• DATA FOR ANALYSIS:
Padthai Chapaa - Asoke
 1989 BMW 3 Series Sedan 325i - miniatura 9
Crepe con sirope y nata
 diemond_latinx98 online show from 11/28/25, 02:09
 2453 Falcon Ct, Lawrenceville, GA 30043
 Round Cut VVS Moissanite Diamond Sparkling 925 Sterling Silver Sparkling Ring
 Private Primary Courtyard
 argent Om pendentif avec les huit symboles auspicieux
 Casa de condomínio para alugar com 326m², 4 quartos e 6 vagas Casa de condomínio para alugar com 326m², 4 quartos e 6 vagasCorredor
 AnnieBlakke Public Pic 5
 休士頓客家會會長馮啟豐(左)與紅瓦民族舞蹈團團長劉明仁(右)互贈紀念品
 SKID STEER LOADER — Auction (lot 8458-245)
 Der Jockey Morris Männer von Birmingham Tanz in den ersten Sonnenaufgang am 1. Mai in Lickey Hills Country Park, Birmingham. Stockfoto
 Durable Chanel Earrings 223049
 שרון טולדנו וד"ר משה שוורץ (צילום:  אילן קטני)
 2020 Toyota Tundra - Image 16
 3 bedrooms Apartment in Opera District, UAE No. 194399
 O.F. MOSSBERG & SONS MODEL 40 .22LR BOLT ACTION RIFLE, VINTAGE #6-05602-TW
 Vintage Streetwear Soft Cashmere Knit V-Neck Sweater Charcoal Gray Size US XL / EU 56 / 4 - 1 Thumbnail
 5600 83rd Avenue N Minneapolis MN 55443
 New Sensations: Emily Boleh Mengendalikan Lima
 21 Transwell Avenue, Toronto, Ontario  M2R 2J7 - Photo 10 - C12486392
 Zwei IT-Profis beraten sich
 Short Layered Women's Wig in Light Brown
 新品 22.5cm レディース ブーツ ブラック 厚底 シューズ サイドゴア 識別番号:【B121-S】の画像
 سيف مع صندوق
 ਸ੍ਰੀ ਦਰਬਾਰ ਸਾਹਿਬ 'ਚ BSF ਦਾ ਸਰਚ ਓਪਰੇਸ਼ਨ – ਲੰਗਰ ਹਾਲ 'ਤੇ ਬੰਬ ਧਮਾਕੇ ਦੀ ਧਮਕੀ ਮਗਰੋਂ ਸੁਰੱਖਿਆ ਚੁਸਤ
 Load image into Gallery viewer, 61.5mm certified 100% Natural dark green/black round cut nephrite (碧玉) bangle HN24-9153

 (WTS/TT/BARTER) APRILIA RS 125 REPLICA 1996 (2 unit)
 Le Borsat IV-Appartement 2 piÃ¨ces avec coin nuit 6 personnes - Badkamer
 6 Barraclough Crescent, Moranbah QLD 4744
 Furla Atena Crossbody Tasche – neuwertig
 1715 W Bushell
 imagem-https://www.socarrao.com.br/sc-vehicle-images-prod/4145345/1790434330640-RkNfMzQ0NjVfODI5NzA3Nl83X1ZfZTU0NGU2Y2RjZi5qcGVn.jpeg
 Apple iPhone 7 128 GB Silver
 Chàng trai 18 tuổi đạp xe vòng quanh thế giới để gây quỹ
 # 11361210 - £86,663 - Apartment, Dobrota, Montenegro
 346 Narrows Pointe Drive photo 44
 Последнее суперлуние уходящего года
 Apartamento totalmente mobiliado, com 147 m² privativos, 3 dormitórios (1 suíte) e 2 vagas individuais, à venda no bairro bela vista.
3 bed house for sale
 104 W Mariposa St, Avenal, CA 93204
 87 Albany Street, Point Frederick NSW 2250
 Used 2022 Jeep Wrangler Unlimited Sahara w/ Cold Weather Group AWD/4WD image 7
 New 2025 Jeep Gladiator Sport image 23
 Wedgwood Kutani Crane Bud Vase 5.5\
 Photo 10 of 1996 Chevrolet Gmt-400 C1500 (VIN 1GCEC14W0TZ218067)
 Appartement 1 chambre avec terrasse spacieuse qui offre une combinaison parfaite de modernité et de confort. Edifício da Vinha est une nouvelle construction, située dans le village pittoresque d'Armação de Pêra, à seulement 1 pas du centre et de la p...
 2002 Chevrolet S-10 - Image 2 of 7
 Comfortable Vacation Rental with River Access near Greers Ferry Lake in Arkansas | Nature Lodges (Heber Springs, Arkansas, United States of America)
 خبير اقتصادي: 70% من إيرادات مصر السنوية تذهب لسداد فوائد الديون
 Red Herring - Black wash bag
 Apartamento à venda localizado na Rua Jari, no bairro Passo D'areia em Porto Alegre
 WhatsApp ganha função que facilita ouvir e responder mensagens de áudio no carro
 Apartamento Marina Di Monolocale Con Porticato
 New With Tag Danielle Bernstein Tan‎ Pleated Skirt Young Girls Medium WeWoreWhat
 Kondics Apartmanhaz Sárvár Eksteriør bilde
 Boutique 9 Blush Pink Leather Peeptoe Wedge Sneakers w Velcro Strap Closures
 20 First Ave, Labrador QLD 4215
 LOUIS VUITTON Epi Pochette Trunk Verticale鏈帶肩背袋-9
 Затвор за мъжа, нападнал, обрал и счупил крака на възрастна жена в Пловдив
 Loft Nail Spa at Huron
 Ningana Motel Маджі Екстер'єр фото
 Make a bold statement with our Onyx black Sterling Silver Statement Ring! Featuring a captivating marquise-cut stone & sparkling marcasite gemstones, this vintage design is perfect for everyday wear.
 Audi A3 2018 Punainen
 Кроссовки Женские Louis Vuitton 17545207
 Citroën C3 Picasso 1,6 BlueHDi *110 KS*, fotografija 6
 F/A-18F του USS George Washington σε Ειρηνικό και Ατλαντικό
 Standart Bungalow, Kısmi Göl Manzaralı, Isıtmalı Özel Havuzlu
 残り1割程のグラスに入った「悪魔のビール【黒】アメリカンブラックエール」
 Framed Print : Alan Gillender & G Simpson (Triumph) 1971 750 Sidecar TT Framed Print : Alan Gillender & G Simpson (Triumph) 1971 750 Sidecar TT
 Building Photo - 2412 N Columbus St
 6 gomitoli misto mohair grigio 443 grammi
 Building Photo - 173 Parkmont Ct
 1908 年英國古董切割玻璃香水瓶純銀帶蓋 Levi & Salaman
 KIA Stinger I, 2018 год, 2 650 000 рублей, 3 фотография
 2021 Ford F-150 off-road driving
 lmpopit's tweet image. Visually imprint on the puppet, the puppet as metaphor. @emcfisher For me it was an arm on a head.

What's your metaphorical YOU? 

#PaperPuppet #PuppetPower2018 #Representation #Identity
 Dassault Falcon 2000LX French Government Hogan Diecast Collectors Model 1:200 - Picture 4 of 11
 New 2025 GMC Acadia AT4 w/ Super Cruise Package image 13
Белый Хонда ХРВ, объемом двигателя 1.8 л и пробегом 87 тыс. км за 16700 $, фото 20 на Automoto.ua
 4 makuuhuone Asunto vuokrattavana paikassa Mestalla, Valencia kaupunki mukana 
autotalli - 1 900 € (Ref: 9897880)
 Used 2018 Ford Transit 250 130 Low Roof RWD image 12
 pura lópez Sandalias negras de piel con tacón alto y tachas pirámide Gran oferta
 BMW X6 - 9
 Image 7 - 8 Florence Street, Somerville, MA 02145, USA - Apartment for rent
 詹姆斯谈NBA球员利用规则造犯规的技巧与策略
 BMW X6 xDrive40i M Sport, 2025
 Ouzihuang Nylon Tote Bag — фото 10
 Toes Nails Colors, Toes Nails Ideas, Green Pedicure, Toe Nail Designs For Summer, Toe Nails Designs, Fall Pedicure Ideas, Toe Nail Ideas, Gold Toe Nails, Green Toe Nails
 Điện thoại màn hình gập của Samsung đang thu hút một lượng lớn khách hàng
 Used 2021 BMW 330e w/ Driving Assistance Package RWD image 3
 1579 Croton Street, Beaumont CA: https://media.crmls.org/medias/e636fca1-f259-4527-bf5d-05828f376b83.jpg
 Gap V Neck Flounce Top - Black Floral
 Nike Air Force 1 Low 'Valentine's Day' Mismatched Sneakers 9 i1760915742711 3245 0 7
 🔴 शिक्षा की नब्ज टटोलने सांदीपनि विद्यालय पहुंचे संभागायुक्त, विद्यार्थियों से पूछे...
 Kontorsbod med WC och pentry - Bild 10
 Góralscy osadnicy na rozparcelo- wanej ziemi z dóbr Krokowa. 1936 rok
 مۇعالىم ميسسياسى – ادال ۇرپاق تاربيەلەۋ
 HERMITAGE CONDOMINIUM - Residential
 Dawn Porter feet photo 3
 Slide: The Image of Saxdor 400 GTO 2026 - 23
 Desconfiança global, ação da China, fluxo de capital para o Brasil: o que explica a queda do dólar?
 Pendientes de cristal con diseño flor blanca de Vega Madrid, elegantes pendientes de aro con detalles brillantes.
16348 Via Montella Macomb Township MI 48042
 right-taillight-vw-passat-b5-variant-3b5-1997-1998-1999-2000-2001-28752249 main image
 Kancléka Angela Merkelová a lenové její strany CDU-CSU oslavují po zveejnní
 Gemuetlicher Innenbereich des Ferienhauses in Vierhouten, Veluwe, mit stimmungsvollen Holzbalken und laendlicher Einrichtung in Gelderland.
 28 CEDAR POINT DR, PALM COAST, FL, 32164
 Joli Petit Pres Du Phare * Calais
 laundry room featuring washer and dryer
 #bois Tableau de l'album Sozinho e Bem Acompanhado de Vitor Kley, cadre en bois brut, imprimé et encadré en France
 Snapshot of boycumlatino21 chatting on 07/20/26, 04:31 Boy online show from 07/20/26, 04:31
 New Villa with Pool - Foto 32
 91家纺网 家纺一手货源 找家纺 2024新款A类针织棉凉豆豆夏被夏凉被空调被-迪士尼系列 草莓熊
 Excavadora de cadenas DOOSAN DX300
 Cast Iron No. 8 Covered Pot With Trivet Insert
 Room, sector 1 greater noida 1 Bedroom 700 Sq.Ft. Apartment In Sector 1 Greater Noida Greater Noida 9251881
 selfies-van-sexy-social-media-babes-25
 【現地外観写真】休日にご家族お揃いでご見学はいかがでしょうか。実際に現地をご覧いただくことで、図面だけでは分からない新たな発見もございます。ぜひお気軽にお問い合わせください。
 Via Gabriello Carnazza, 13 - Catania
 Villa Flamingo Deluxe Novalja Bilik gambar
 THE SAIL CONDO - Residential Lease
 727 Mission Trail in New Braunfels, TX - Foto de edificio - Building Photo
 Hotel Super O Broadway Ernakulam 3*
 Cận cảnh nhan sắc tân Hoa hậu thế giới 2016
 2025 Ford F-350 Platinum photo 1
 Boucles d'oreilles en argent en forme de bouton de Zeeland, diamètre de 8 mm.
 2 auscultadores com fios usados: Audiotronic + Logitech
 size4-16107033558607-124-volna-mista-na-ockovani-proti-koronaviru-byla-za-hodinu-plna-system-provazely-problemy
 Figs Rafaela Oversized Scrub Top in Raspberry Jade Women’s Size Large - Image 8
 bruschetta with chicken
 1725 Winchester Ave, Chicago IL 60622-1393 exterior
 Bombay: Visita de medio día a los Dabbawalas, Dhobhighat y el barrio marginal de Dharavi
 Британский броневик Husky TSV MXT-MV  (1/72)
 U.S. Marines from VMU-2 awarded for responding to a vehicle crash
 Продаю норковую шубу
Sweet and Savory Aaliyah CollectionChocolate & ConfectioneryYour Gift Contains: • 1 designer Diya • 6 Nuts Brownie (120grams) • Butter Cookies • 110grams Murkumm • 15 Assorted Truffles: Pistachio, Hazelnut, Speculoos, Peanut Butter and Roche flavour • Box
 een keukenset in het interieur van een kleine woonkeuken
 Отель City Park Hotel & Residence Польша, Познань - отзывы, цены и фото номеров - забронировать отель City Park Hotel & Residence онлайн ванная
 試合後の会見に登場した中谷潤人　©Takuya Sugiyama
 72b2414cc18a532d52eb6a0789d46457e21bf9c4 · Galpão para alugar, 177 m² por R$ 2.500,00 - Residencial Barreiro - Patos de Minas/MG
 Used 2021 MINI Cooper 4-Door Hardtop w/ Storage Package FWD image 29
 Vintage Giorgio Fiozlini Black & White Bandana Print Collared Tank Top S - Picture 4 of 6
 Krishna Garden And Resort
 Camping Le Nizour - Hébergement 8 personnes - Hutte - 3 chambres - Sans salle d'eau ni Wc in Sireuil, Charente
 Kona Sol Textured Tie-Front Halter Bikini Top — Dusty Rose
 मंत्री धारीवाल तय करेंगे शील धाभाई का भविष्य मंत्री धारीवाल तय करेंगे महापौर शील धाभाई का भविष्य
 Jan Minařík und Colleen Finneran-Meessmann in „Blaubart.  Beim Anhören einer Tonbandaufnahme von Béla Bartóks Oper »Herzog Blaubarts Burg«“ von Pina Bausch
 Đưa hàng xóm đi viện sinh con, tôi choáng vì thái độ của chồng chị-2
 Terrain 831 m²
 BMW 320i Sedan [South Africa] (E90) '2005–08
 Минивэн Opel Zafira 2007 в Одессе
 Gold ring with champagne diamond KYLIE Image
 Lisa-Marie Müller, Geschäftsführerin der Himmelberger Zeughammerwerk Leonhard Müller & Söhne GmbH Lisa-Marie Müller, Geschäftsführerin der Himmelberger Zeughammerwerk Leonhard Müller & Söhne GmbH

• HOW TO COMPLETE THIS TASK:
Return each line of the listing that holds the word "Sneakers".

• SOLUTION BELOW:
 Boutique 9 Blush Pink Leather Peeptoe Wedge Sneakers w Velcro Strap Closures
 Nike Air Force 1 Low 'Valentine's Day' Mismatched Sneakers 9 i1760915742711 3245 0 7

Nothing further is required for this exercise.